What is needed.
Return all of the data exactly, with nothing left out but the pictures.

Dataset excerpt.
= = = = =

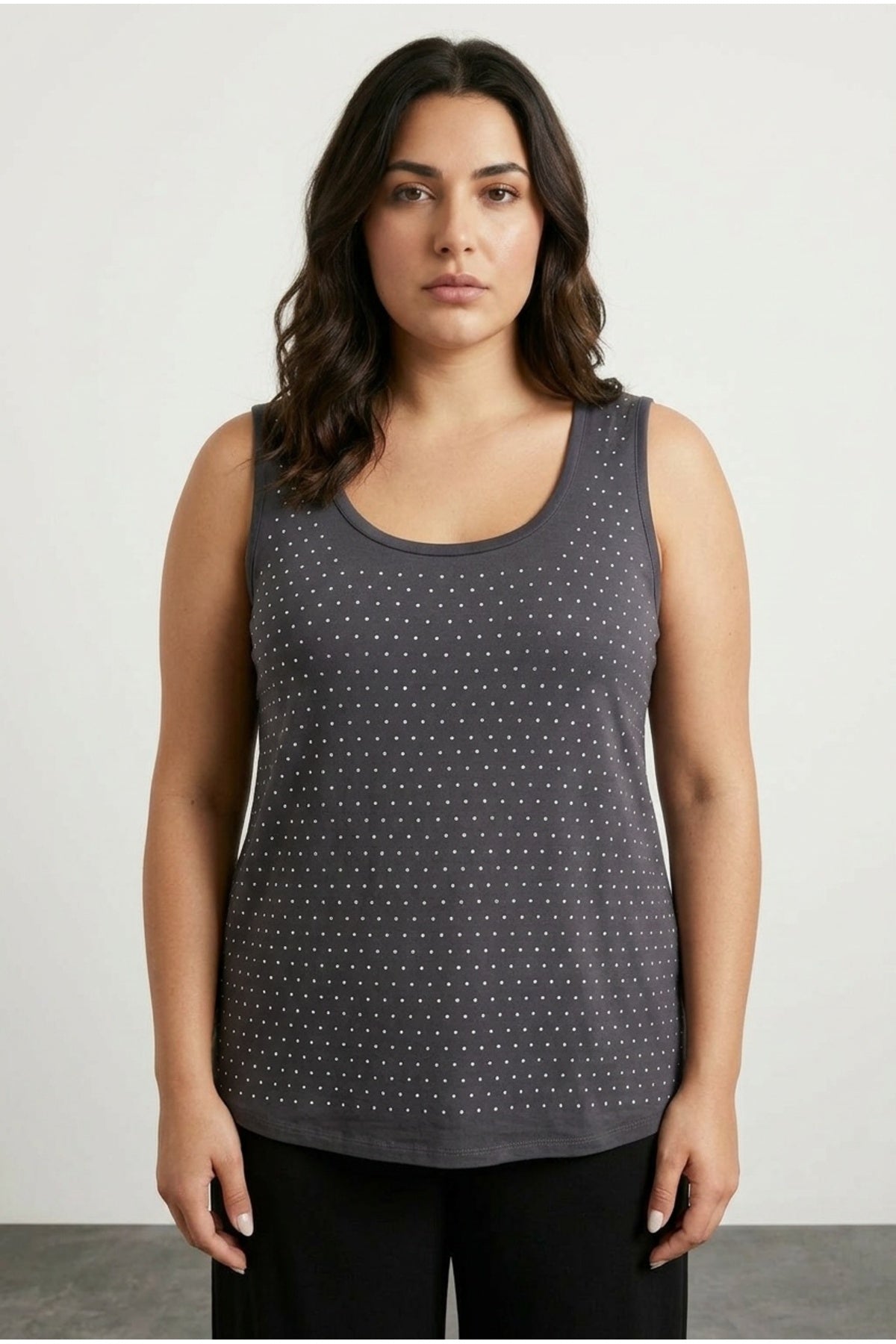 Plus Size Sleeveless Crew Neck Blouse with Front Stone Embellishment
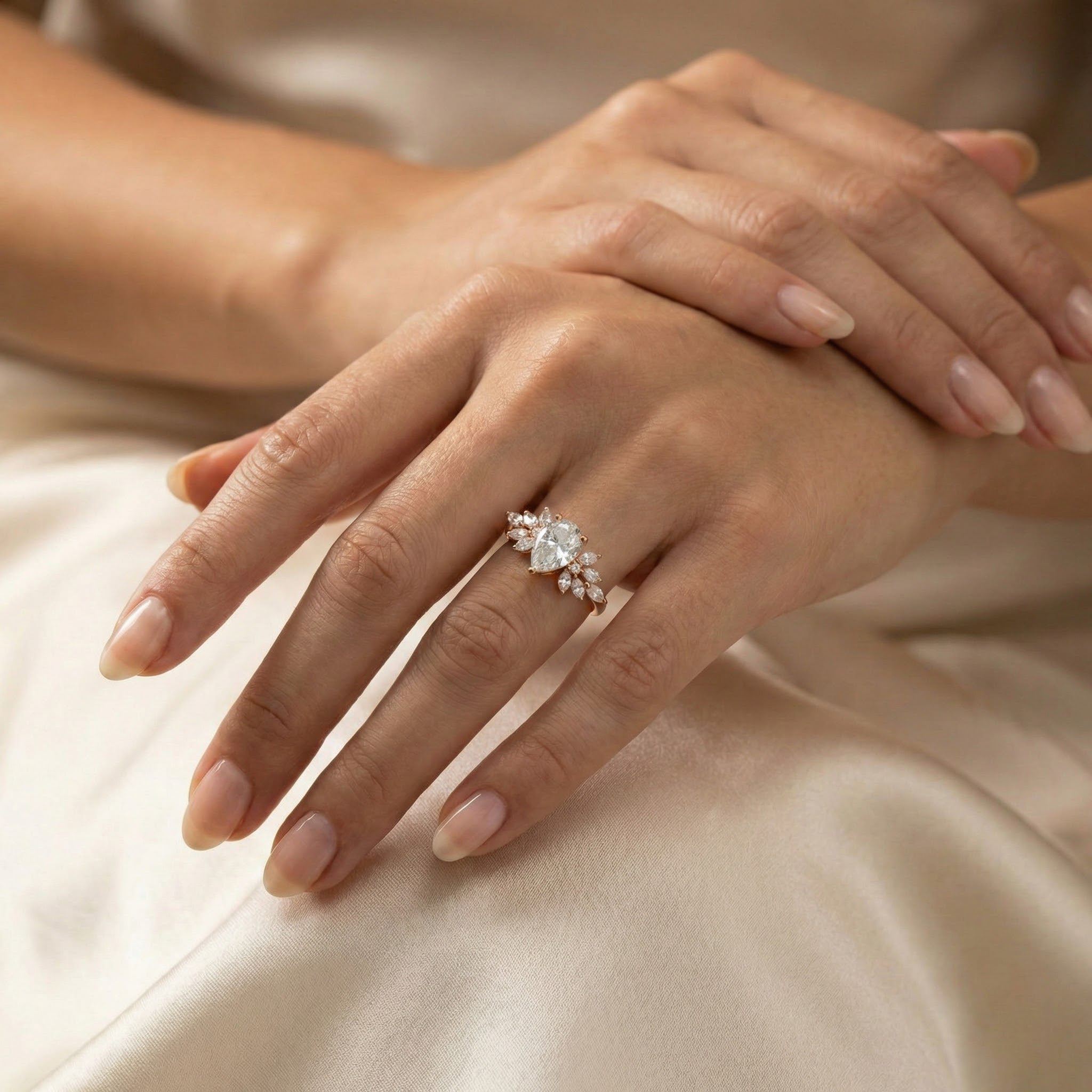 Luxurious Pear Moissanite Engagement Ring with intricate Butterfly design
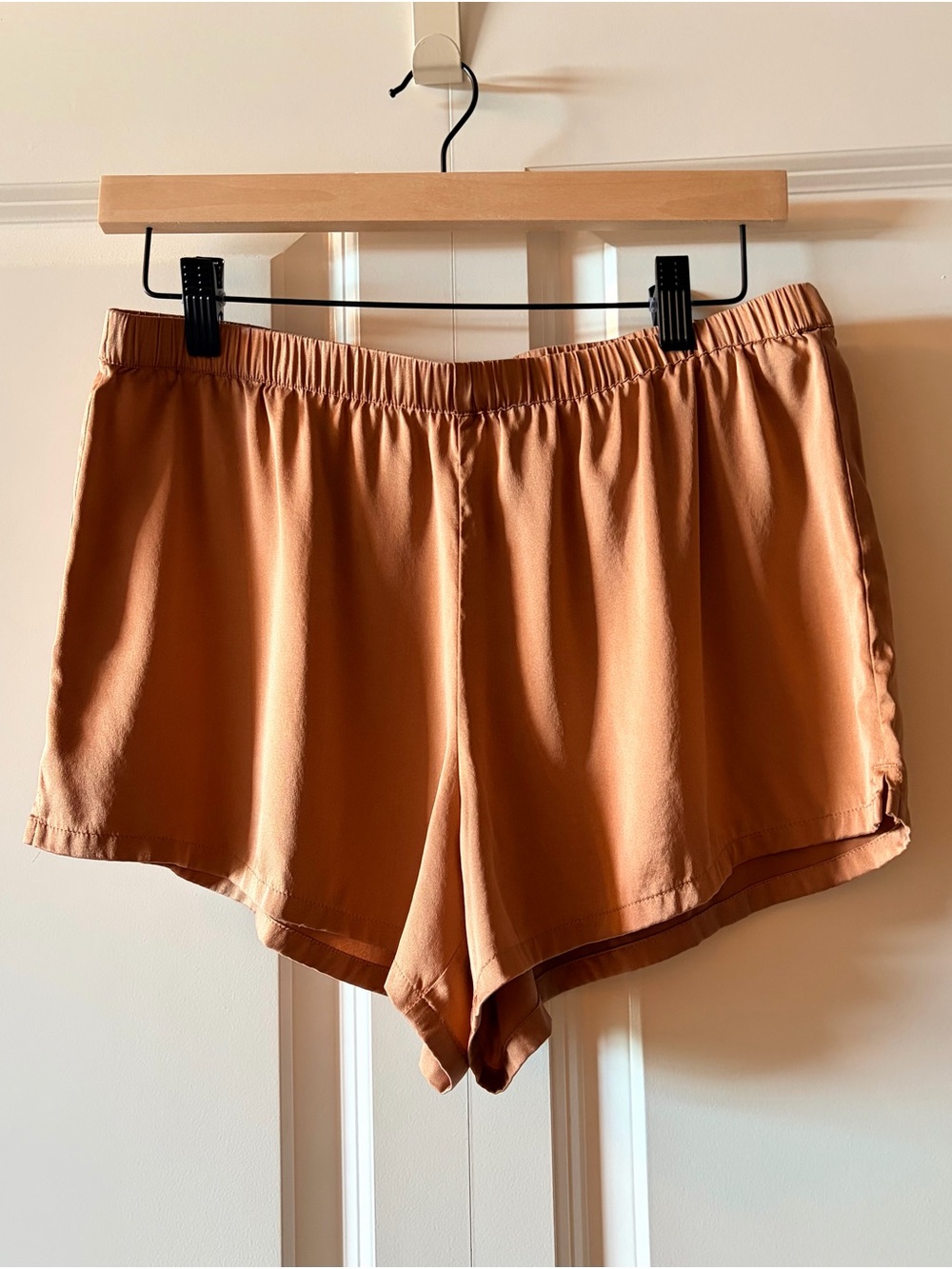 Haven Well Within washable silk lightweight lounge shorts in tan S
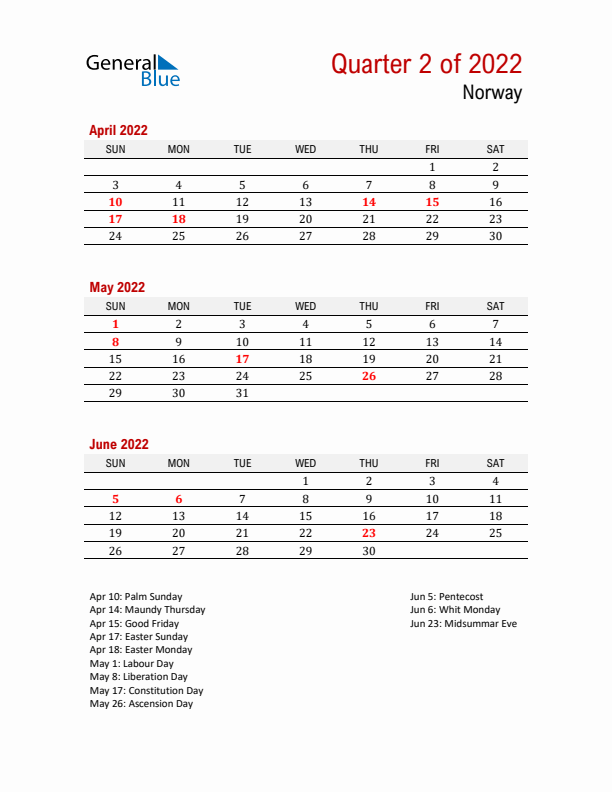 Printable Three Month Calendar with Norway Holidays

= = = = =

Task solution.
 Plus Size Sleeveless Crew Neck Blouse with Front Stone Embellishment
 Luxurious Pear Moissanite Engagement Ring with intricate Butterfly design
 Haven Well Within washable silk lightweight lounge shorts in tan S
 Printable Three Month Calendar with Norway Holidays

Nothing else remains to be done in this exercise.